Non è la prima volta che farmaci, utilizzati per una patologia, nel corso del loro uso o delle loro sperimentazioni, dimostrano effetti positivi per altre patologie. L’esempio più classico è quello dell’aspirina: nata per il mal di testa, è stata poi sviluppata a basse dosi nella prevenzione di infarto e ictus grazie alla nota attività antiaggregante piastrinica.
Ma ve ne sono degli altri, come gli Alfalitici, utilizzati all’inizio come antiipertensivi, che hanno dimostrato un’efficacia nell’attenuazione dei sintomi del basso apparato urinario prodotti dalla prostata ingrossata. O ancora farmaci inizialmente studiati come vasodilatatori per la patologia coronarica, hanno dimostrato effetti sull’erezione e così è nato il VIAGRA. Il termine scientifico di questa tipologia di effetti è “repurposing” ossia “riposizionamento”: cioè, come gli uomini, anche un farmaco, nel corso della propria carriera, può cambiare “mansioni” o svolgerne di nuove.

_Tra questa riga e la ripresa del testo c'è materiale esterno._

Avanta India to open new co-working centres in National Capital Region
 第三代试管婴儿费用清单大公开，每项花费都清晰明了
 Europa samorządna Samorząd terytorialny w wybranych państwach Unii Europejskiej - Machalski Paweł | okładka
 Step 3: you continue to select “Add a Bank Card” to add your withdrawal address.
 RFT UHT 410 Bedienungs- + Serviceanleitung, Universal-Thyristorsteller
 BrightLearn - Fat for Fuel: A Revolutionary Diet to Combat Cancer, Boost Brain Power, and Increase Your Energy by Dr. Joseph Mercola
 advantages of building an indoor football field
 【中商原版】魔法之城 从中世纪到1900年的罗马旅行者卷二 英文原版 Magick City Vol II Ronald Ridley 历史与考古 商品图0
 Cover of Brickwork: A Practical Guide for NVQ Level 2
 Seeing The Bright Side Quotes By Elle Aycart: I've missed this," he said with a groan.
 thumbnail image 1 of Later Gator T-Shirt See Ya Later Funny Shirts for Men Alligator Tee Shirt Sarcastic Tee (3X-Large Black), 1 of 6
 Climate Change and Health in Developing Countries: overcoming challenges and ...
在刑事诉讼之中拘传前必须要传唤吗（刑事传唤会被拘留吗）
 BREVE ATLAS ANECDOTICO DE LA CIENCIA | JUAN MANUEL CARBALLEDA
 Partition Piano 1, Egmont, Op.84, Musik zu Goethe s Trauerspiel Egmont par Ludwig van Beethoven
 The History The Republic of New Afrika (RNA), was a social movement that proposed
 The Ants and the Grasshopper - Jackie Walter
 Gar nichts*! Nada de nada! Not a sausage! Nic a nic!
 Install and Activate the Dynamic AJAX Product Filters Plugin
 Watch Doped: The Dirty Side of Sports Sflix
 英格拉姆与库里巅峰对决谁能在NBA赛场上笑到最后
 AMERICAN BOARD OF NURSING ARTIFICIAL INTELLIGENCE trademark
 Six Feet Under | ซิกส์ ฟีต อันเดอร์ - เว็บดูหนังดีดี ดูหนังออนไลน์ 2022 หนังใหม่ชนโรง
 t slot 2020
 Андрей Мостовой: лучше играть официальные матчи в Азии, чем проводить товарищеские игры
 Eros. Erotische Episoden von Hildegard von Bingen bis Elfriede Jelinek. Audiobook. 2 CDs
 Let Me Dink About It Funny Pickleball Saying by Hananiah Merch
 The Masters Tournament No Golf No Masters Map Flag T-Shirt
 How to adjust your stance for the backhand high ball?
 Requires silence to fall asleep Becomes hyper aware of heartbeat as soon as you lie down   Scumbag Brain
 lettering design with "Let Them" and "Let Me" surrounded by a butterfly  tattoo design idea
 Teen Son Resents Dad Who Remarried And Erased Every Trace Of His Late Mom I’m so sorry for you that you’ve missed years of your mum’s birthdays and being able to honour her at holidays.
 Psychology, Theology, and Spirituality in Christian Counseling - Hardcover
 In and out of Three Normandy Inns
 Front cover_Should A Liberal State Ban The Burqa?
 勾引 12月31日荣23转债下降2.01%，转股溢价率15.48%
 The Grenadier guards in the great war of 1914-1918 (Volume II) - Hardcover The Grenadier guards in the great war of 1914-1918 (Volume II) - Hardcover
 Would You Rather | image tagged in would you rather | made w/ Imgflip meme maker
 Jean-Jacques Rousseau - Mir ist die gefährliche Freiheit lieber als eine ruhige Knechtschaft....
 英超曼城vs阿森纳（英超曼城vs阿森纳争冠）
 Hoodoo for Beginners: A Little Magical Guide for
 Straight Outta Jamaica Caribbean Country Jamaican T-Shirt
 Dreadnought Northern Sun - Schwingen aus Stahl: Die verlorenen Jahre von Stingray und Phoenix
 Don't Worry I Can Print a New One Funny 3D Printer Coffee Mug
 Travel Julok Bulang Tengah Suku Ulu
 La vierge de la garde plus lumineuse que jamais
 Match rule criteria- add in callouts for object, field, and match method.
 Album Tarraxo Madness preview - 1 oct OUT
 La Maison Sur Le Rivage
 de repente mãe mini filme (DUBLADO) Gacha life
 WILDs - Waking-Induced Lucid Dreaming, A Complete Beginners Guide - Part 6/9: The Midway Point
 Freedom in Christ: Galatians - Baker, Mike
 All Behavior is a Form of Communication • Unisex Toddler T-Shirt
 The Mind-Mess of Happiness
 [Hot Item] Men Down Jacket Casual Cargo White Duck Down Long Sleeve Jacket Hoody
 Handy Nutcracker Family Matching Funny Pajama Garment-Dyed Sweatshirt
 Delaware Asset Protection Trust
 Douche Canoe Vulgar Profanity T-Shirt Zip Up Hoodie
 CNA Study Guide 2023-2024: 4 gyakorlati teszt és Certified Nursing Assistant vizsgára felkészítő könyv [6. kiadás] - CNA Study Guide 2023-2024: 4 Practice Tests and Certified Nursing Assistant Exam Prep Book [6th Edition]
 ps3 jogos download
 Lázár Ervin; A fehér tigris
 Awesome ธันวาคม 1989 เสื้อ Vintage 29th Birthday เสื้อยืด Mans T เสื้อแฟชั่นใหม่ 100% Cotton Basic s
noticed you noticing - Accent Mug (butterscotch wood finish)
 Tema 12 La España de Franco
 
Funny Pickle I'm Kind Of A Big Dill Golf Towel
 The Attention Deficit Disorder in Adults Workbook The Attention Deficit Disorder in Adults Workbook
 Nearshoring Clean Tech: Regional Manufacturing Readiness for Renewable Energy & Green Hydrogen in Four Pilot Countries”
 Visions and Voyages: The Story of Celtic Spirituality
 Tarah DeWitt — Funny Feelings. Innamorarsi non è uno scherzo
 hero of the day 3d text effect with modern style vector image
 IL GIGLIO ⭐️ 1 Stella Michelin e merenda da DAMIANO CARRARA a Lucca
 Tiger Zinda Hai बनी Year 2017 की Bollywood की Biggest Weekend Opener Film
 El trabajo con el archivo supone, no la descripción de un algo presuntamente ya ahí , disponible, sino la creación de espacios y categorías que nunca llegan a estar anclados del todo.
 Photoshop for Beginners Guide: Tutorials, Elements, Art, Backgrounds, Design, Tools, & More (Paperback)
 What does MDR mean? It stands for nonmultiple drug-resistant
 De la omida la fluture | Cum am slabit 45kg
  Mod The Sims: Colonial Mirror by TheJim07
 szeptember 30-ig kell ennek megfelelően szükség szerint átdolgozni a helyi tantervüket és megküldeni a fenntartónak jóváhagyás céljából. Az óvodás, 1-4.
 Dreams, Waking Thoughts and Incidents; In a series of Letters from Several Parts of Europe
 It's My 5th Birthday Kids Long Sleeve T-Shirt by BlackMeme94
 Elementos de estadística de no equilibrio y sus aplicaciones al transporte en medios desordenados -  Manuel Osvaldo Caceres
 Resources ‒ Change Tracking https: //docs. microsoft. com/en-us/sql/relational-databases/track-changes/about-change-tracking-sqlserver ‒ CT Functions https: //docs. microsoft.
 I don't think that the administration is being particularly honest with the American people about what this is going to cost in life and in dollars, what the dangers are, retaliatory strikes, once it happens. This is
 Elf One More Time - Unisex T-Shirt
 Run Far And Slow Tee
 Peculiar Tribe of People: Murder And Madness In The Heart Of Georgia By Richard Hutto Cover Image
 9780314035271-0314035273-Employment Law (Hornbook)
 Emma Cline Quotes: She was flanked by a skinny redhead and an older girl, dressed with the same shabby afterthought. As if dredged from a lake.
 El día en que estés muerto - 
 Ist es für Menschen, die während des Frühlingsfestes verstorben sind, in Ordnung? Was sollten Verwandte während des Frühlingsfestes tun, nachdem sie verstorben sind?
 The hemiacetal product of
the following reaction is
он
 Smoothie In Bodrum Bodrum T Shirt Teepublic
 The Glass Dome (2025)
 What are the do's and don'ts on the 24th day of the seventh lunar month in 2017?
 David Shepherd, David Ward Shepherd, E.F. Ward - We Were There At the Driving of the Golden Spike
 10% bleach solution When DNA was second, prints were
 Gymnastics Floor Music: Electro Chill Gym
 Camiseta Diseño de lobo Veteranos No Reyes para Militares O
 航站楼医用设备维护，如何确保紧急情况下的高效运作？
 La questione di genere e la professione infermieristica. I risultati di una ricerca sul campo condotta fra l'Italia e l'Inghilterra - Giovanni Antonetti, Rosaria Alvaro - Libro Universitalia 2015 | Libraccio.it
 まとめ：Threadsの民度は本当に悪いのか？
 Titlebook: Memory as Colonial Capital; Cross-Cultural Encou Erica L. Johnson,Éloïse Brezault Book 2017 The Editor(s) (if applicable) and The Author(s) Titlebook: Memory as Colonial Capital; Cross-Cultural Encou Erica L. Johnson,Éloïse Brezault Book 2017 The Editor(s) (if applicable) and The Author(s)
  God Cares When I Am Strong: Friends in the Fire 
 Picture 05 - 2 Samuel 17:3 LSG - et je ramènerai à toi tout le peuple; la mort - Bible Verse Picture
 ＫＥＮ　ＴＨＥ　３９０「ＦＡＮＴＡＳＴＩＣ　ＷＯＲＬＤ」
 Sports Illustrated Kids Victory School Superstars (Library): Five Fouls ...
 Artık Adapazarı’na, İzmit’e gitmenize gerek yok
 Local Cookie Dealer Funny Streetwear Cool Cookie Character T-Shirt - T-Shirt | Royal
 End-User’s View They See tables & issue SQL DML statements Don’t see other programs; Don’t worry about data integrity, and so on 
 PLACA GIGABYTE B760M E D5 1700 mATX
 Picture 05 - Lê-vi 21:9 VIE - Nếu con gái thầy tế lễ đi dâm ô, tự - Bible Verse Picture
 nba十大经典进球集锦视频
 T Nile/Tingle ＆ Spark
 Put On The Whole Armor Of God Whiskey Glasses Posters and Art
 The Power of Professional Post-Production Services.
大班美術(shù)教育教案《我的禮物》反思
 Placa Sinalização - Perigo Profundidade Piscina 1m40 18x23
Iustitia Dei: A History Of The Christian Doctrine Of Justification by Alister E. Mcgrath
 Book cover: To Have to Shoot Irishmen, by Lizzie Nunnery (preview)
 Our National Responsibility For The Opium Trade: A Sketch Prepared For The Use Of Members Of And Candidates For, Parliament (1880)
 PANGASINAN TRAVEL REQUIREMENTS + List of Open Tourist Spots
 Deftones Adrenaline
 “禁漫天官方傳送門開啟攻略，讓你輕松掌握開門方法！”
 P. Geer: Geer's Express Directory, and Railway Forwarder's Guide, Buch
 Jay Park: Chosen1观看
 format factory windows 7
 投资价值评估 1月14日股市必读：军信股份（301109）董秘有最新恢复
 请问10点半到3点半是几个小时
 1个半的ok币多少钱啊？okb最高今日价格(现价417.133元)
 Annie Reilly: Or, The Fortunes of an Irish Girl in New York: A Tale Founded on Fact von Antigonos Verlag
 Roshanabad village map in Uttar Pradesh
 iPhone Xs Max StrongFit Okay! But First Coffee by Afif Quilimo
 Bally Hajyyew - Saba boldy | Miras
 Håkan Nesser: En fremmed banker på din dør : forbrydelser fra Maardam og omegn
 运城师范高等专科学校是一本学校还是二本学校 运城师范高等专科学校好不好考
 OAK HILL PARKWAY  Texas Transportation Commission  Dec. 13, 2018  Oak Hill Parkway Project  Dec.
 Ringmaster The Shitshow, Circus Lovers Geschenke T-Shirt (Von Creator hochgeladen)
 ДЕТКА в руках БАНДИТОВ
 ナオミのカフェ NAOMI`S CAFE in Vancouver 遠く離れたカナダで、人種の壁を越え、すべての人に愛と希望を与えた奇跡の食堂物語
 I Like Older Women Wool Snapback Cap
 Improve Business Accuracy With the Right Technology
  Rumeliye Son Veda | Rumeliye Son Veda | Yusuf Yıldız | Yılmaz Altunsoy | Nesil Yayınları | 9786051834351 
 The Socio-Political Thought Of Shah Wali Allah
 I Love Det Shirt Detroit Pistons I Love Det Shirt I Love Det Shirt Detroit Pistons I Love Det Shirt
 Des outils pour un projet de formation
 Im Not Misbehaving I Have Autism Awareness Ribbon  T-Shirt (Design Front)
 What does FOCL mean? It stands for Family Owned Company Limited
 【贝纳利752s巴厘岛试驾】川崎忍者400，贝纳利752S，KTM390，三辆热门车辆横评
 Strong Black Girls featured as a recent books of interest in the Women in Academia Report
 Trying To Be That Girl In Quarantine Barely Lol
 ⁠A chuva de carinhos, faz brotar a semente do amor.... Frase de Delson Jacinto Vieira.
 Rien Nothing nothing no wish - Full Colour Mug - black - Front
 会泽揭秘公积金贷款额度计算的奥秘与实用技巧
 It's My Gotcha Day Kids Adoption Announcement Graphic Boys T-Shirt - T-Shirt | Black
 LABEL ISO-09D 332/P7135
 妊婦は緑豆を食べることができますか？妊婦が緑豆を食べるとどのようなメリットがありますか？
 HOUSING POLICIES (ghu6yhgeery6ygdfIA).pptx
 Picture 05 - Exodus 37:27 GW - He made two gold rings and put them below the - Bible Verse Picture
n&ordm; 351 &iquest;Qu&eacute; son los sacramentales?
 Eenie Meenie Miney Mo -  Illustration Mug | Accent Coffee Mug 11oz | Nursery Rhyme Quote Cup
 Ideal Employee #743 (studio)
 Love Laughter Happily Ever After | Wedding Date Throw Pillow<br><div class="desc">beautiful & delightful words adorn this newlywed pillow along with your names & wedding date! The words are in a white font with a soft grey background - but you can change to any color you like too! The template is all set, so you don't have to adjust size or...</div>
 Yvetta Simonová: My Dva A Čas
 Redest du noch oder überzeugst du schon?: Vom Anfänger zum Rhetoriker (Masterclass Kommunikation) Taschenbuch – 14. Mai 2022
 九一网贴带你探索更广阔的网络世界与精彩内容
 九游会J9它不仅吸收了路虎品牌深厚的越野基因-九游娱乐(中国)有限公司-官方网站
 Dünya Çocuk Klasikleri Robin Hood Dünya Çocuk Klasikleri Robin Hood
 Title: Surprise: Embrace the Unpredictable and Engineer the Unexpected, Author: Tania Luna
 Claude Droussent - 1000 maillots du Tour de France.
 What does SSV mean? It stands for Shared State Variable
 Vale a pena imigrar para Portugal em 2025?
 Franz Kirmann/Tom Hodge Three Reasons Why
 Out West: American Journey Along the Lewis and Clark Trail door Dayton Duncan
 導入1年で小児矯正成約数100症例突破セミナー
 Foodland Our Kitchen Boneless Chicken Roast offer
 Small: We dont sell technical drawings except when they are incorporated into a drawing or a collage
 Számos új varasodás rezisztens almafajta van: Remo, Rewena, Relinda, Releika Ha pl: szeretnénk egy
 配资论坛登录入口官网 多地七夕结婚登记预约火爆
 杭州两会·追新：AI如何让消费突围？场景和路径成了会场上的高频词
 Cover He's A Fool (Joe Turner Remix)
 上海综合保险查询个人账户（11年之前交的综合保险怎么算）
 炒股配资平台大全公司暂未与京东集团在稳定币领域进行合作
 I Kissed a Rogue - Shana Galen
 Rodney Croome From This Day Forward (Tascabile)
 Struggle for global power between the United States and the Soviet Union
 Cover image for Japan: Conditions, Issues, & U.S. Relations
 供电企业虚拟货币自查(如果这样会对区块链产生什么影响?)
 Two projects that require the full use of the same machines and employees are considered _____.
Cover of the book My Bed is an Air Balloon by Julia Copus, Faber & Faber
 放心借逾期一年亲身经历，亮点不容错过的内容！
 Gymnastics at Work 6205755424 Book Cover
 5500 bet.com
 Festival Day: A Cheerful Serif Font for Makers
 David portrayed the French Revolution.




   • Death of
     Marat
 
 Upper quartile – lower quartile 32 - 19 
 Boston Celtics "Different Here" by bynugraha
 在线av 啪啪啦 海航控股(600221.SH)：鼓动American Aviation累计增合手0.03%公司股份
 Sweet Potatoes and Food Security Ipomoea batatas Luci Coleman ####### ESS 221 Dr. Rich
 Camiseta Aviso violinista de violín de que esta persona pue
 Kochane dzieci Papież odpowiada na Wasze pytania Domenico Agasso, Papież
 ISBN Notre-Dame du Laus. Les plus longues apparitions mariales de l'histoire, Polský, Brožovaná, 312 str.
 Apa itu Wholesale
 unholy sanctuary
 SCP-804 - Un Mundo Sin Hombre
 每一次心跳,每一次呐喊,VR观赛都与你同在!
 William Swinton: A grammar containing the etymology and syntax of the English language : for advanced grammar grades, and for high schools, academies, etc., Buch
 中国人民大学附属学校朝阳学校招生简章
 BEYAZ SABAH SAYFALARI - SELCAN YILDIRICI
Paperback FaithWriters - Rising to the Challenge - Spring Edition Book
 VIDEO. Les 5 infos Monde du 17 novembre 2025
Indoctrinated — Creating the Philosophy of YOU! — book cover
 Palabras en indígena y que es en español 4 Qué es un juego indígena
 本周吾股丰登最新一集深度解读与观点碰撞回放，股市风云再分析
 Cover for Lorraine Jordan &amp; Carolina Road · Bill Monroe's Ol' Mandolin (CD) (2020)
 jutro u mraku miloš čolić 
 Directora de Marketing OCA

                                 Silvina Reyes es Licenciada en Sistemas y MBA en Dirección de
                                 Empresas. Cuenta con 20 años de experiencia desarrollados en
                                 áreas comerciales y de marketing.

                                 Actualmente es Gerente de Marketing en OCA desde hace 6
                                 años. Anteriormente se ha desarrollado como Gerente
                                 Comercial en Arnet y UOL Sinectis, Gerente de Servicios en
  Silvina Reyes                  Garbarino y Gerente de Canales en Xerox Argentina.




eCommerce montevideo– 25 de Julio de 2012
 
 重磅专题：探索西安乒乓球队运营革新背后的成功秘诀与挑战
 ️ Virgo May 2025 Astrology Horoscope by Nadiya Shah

Il Professor Francesco Pagano è nato a Pace del Mela (Me) e laureato col massimo dei voti presso l’Università degli Studi di Messina nel 1957. Nel 1964 si è specializzato in Urologia presso l’a Clinica Urologica di Padova dove prima da assistente, poi, nel 1968 come Professore Associato di Urologia ha percorso una folgorante carriera distinguendosi sia dal punto di vista scientifico che da quello operatorio e, non meno importante, sotto il profilo umano. Dal 1980 ha diretto la Clinica urologica con annessa Scuola di Specializzazione in Urologia dell’Università di Padova. A lui si devono numerose scoperte e innovazioni scientifiche che hanno cambiato il corso dell’Urologia. Probabilmente le più significative sono sugli studi sul carcinoma vescicale e ancor di più sull’originale derivazione urinaria universalmente conosciuta come vescica VIP (Vescica Ileale Padovana).
Oggi il professore Pagano ha dimostrato, ancora una volta, di possedere una gioventù mentale che si discosta parecchio da quella anagrafica, riuscendo a sbalordire il mondo scientifico con acute osservazioni che potrebbero rappresentare una soluzione dal COVID19.